(Records excerpted from a collection)
»»

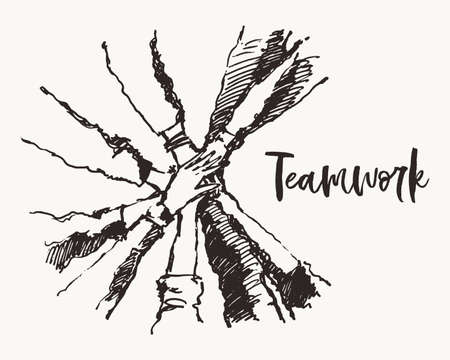 People putting hand togetherness teamwork a vectorのイラスト素材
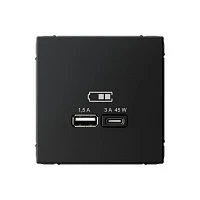 Systeme Electric ArtGallery Карбон USB Розетка A + тип-C 45Вт высокоскор.заряд. QC, PD, механизм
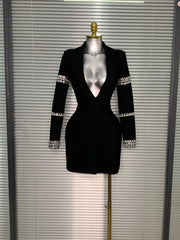 Cara Sexy Deep V-Neck Blazer Bodycon Bandage Dress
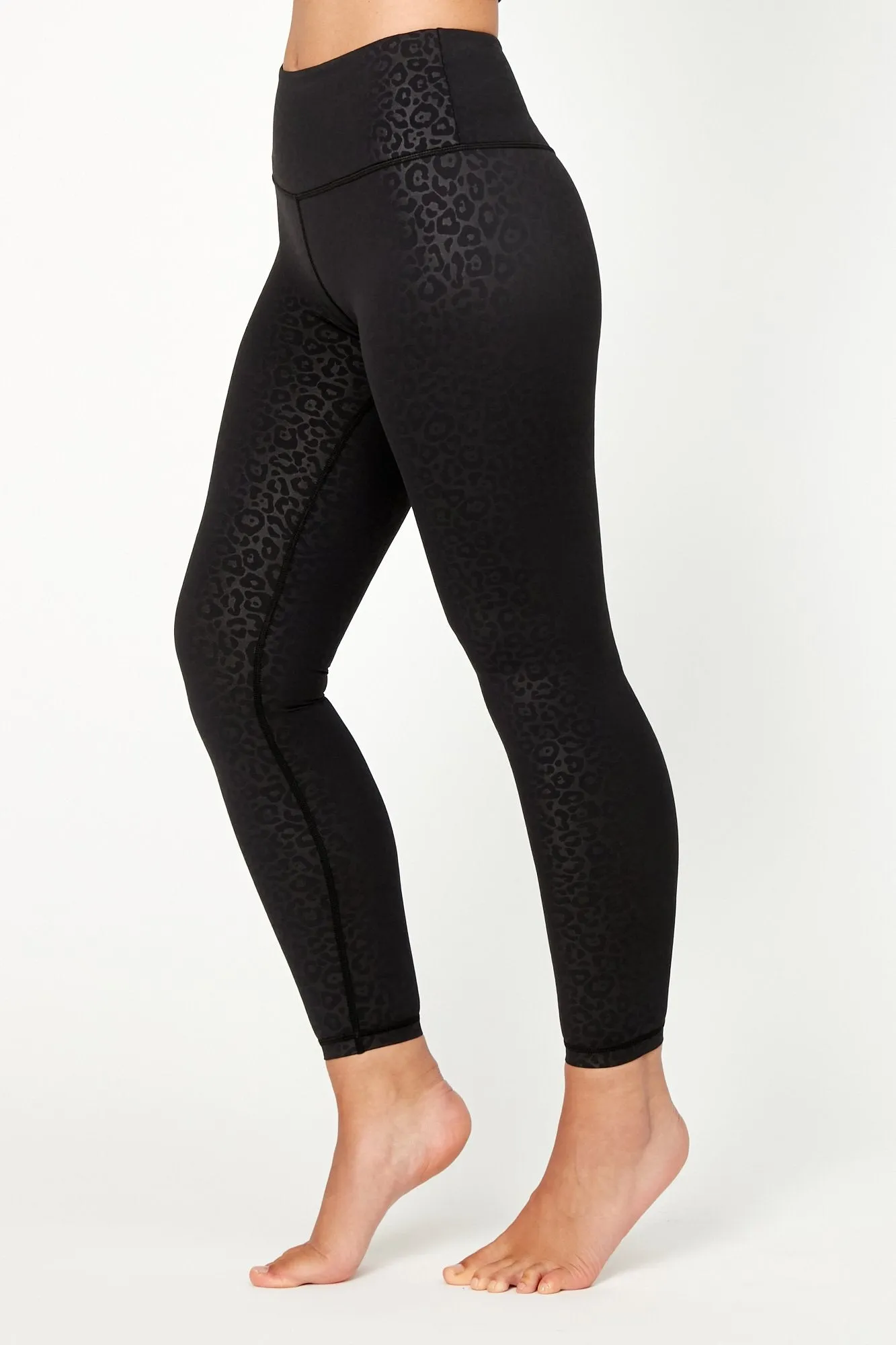 Jet Leopard High Waisted Legging 7/8 Length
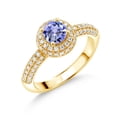 thumbnail image 1 of Gem Stone King 18K Yellow Gold Plated Silver Blue Tanzanite and White Moissanite Engagement Ring for Women (1.02 Cttw, Round 5MM, Available in Size 5, 6, 7, 8, 9), 1 of 6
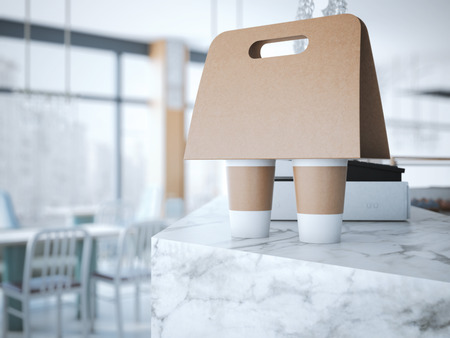 Coffee Holder on the table in cafe. 3d rendering Coffee Holder on the table in cafe. 3d rendering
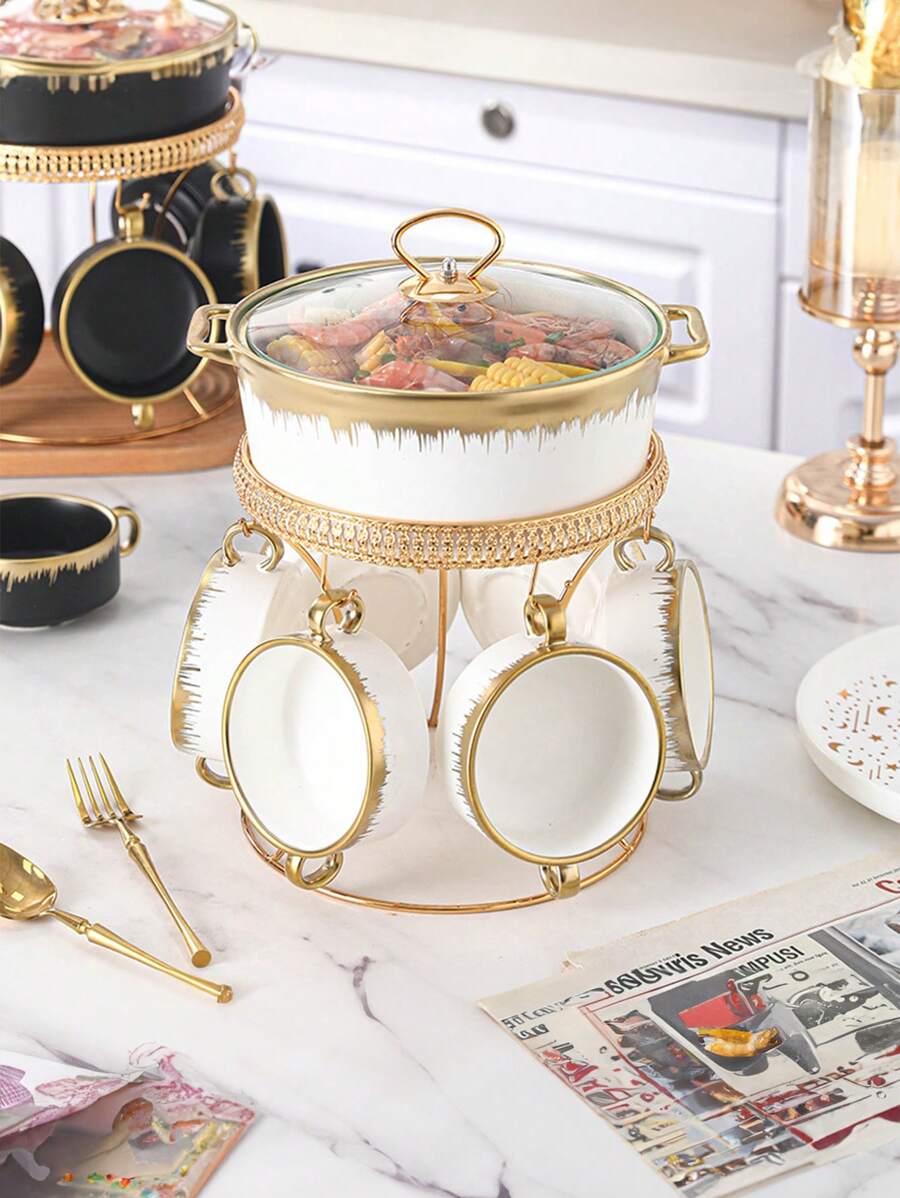 1 Bộ Nồi Gốm Sứ Mạ Vàng Phong Cách Bắc Âu, Bộ Nồi 7 Chiếc Có Nắp Đậy Và Đồ Dùng - Nhiều màu - Xem 1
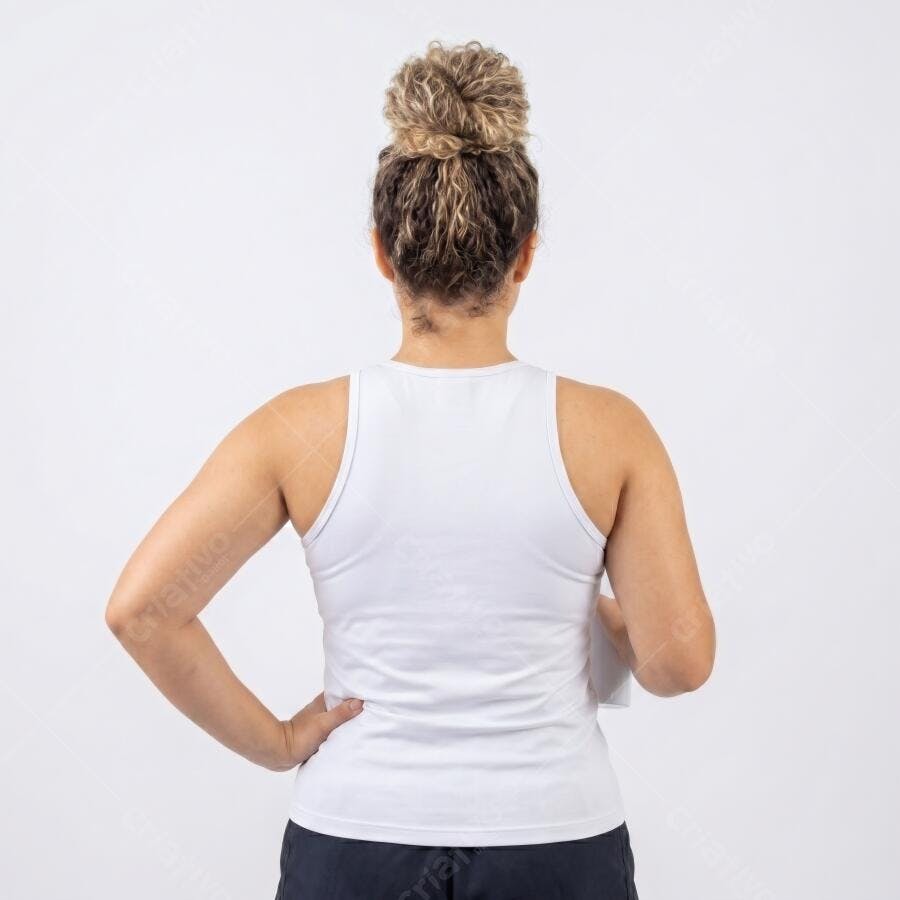 Foto Mulher de Costas Cabelo Preso Coque Fitness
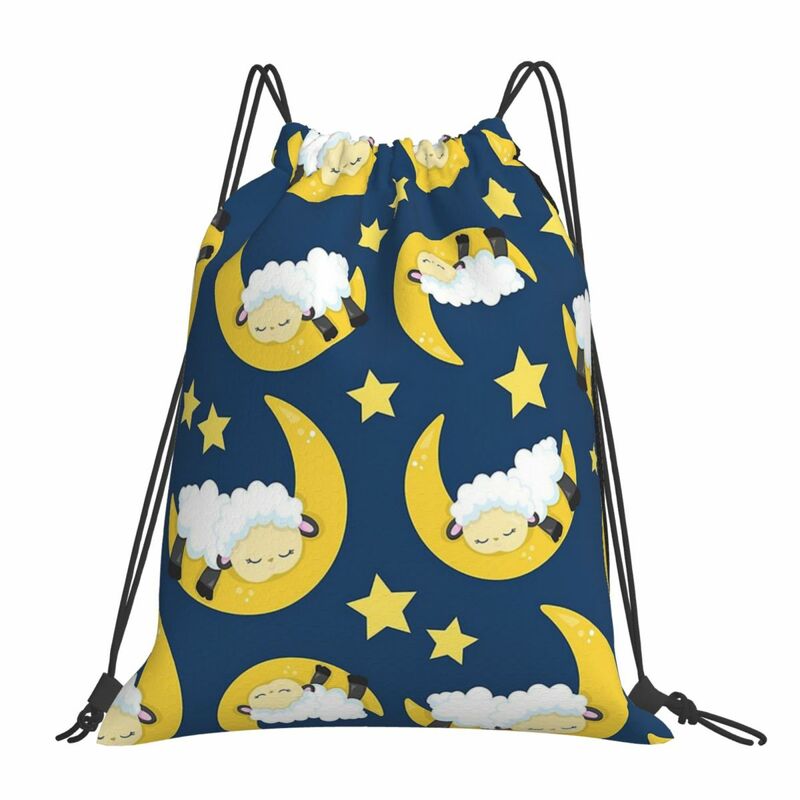 Modello di pecora, pecora addormentata, luna, stelle zaini borse con coulisse borsa portaoggetti tascabile con coulisse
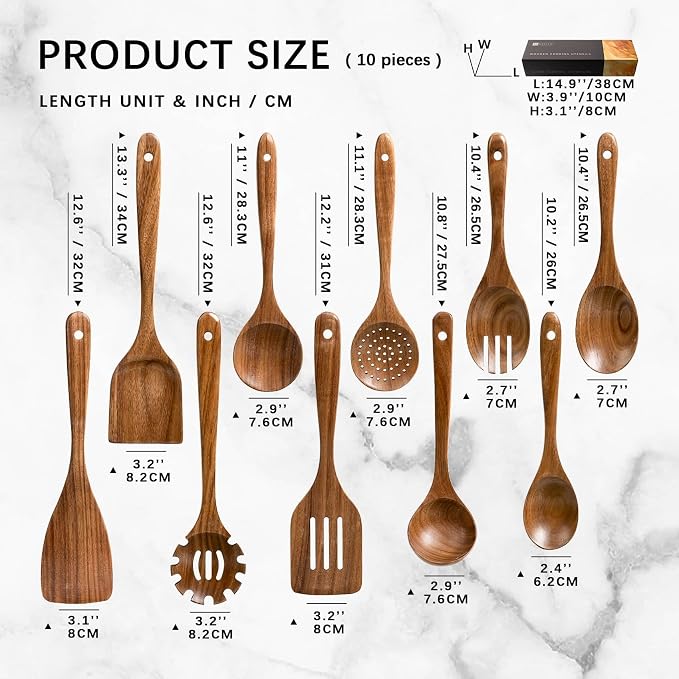 Wooden Spoons for Cooking, Nonstick Cooking Utensil Set - Image 2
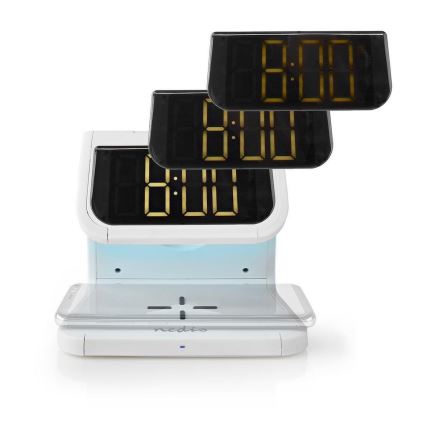 Relógio despertador com carregador sem fios LED/10W/230V branco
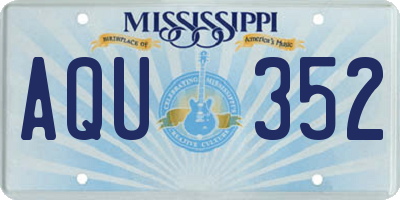 MS license plate AQU352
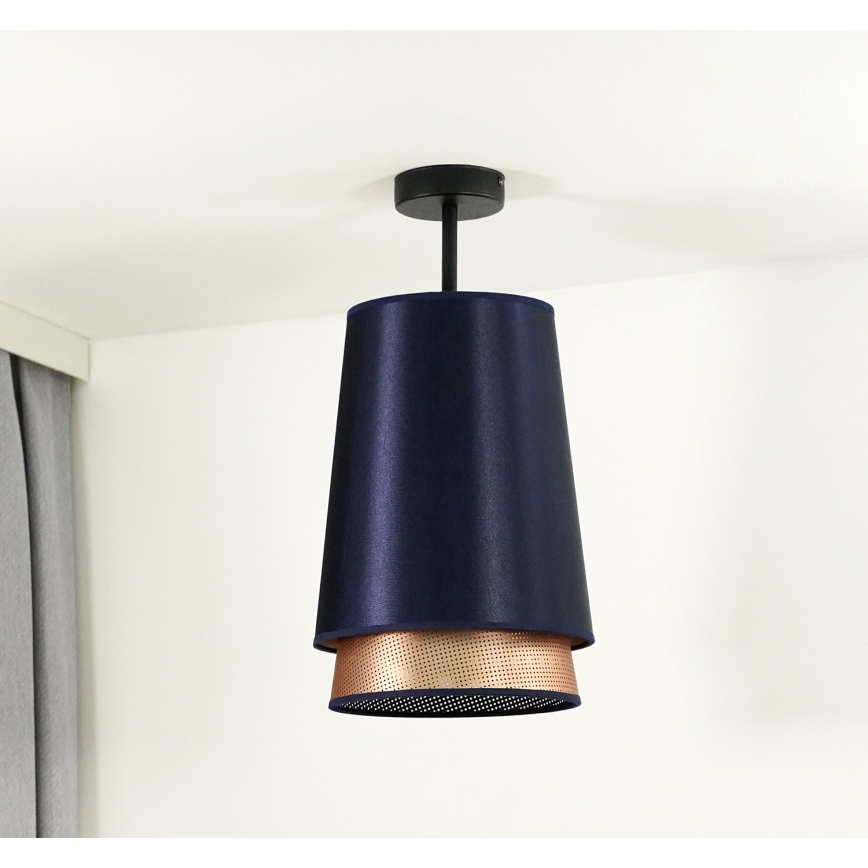 Duolla - Πλαφονιέρα οροφής BELL SHINY 1xE27/15W/230V διάμετρος 25 cm μπλε/χαλκός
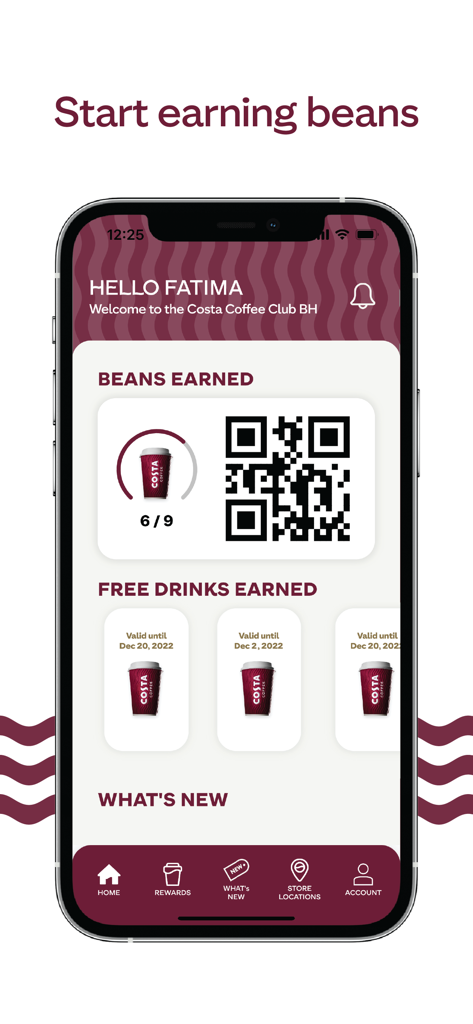 Costa Coffee Club BH - Costa Coffee Club BH App-Startbildschirm, der den Fortschritt der gesammelten Bohnen und verfügbare kostenlose Getränke anzeigt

««

> EXERCISE PROMPT
Take the line containing "Modello di pecora, pecora" and all lines after it to the end of the data above, and reproduce them exactly, leaving out pictures. Nothing else belongs in the copy.

> WORKED SOLUTION
 Modello di pecora, pecora addormentata, luna, stelle zaini borse con coulisse borsa portaoggetti tascabile con coulisse
 Wooden Spoons for Cooking, Nonstick Cooking Utensil Set - Image 2
 Relógio despertador com carregador sem fios LED/10W/230V branco
 MS license plate AQU352
 Duolla - Πλαφονιέρα οροφής BELL SHINY 1xE27/15W/230V διάμετρος 25 cm μπλε/χαλκός
 Costa Coffee Club BH - Costa Coffee Club BH App-Startbildschirm, der den Fortschritt der gesammelten Bohnen und verfügbare kostenlose Getränke anzeigt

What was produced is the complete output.